[Image-text web data]
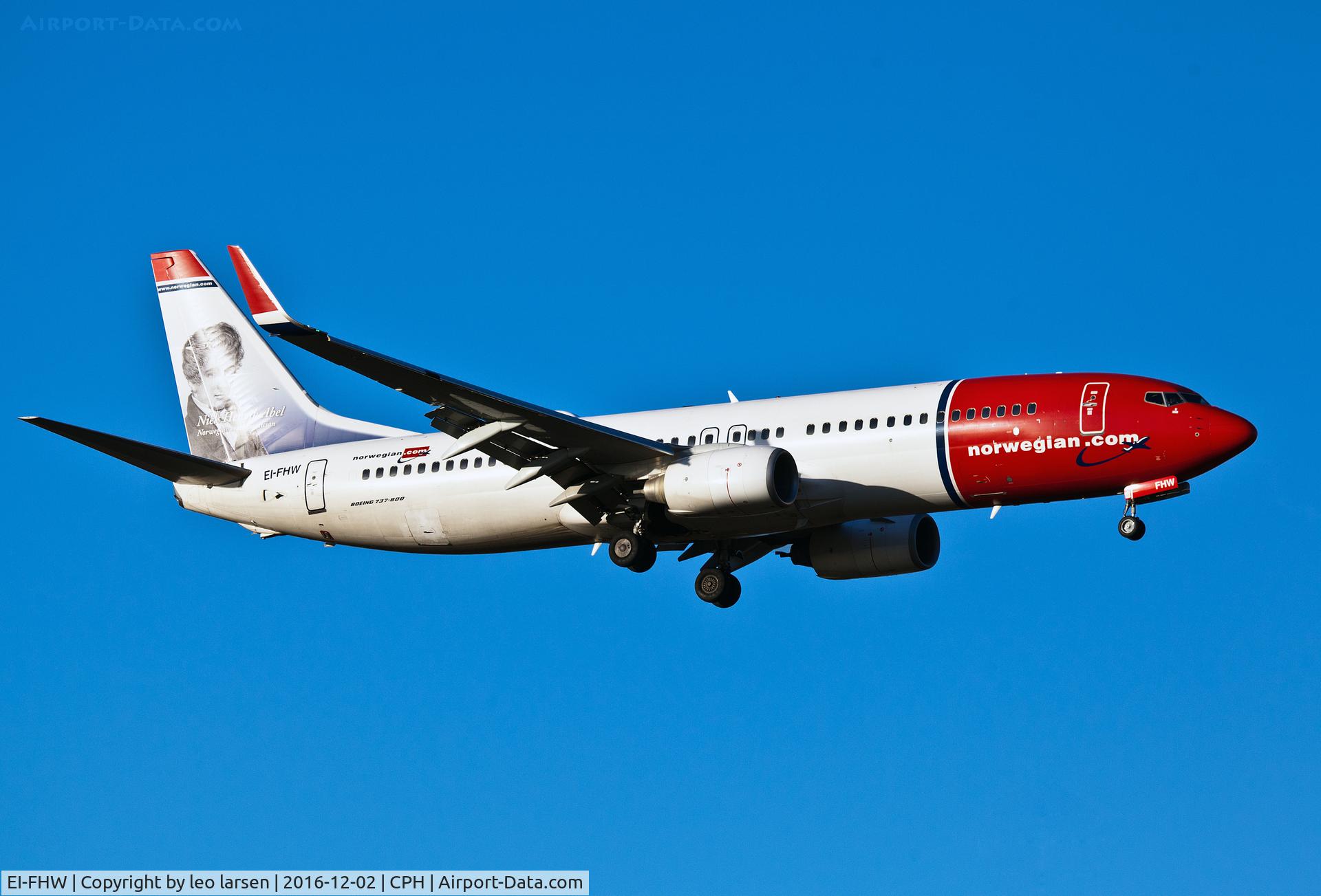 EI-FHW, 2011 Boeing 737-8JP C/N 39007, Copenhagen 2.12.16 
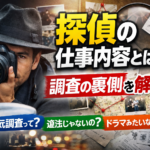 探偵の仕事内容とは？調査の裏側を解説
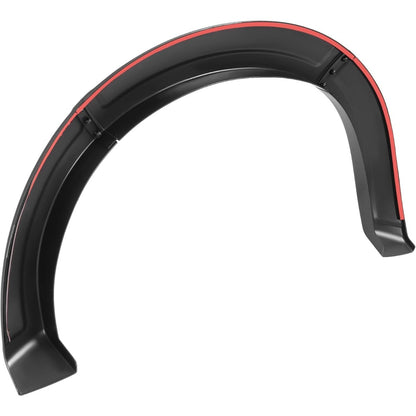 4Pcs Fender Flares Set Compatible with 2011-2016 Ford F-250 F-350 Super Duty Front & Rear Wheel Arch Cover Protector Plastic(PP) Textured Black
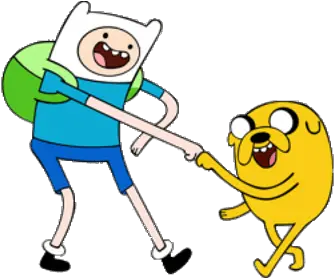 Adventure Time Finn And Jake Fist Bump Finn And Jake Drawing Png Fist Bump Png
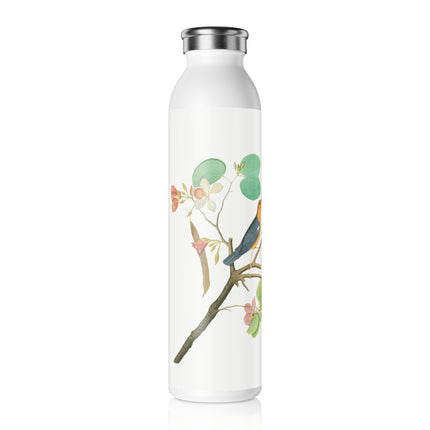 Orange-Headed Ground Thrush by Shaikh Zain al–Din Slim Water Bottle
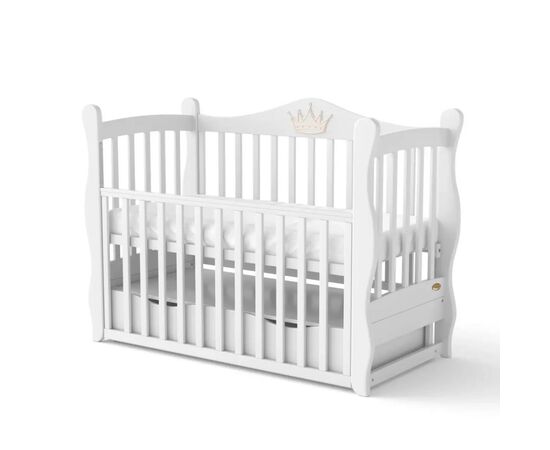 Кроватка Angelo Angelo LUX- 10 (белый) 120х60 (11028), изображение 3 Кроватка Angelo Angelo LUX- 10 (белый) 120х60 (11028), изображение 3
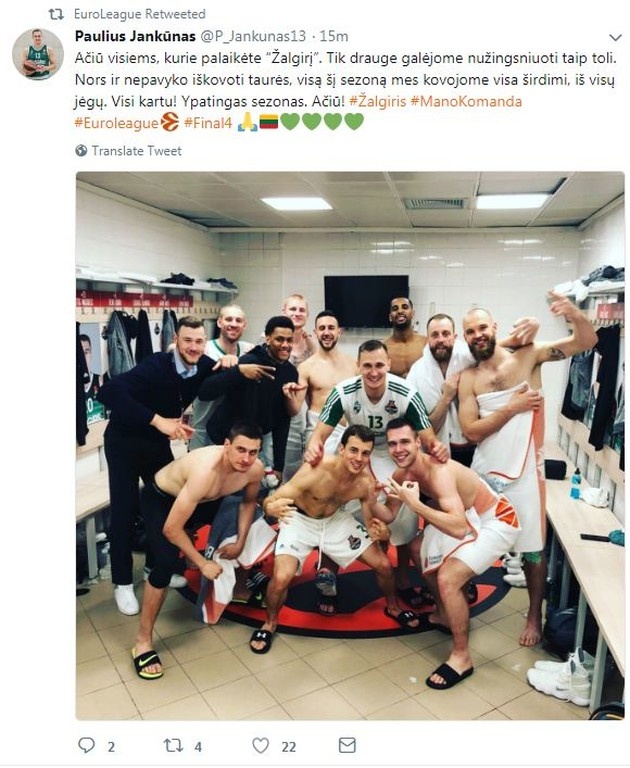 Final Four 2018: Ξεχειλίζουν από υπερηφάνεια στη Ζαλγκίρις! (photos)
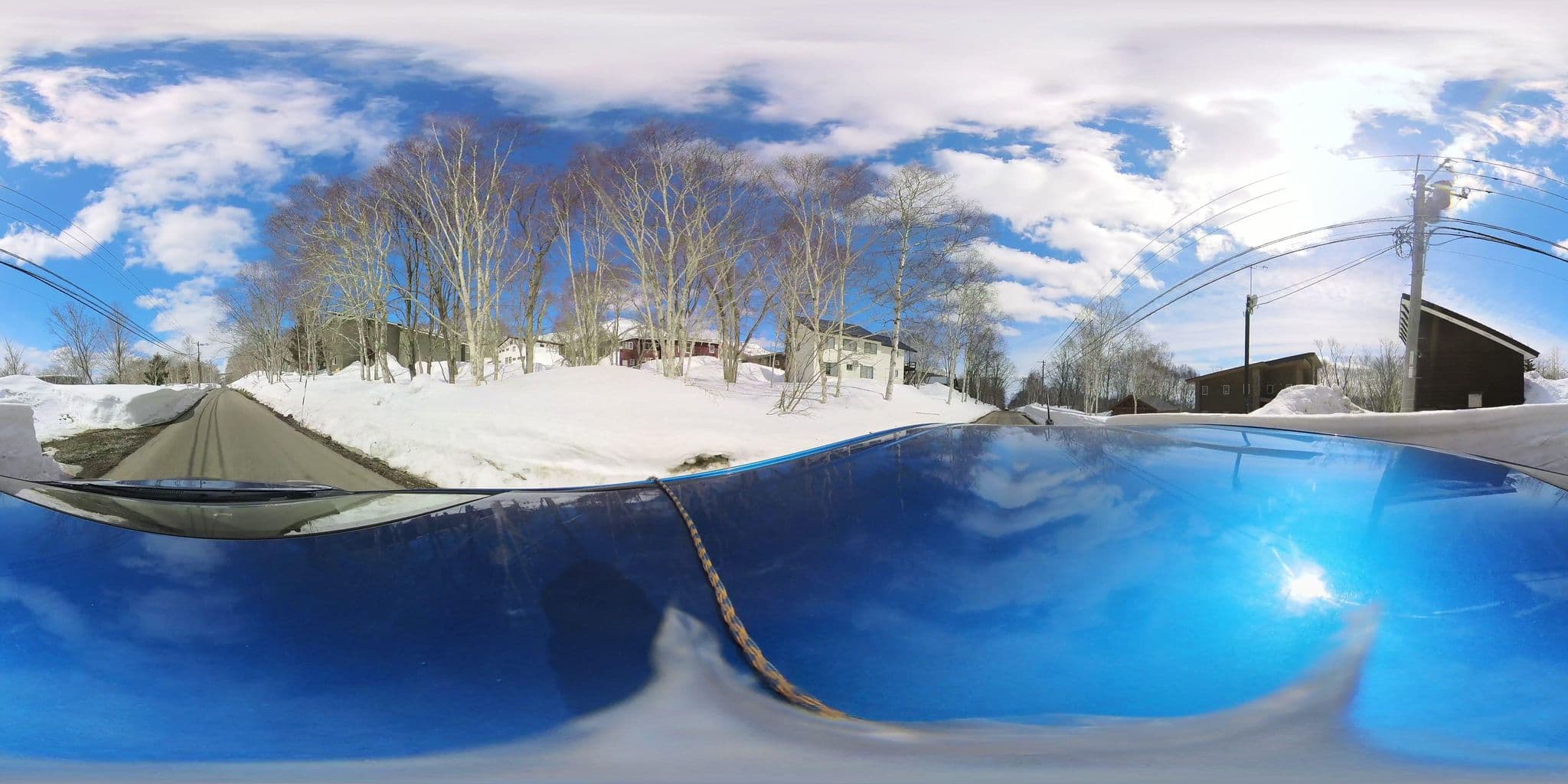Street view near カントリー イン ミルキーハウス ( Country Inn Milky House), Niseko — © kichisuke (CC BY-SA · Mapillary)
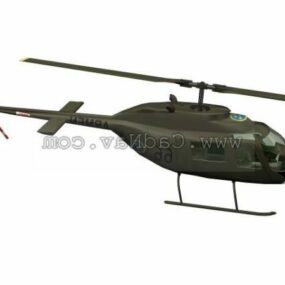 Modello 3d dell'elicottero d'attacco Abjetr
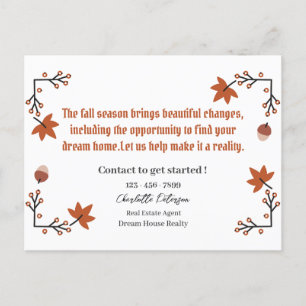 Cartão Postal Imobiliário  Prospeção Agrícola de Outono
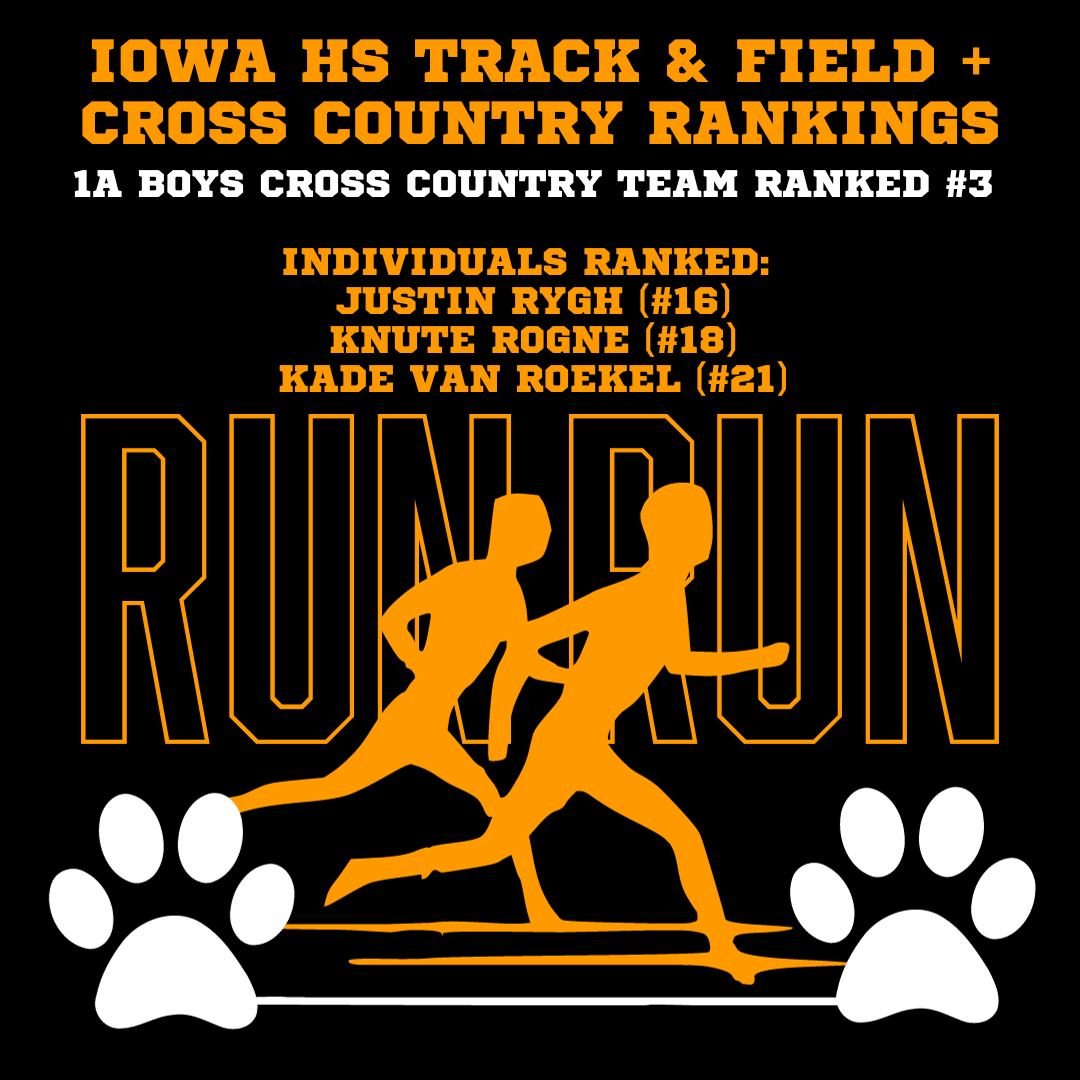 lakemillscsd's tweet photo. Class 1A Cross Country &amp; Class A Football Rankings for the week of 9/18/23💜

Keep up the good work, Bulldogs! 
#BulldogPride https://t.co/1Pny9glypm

Aim of the task>
Please output, exactly and with no pictures, only the lines from the one containing "Orange-Headed Ground Thrush" through the final line of the records above.

Answer for the task>
 Orange-Headed Ground Thrush by Shaikh Zain al–Din Slim Water Bottle
 Кроватка Angelo Angelo LUX- 10 (белый) 120х60 (11028), изображение 3 Кроватка Angelo Angelo LUX- 10 (белый) 120х60 (11028), изображение 3
 Final Four 2018: Ξεχειλίζουν από υπερηφάνεια στη Ζαλγκίρις! (photos)
Street view near カントリー イン ミルキーハウス ( Country Inn Milky House), Niseko — © kichisuke (CC BY-SA · Mapillary)
 Modello 3d dell'elicottero d'attacco Abjetr
 Cartão Postal Imobiliário  Prospeção Agrícola de Outono
 lakemillscsd's tweet photo. Class 1A Cross Country &amp; Class A Football Rankings for the week of 9/18/23💜

Keep up the good work, Bulldogs! 
#BulldogPride https://t.co/1Pny9glypm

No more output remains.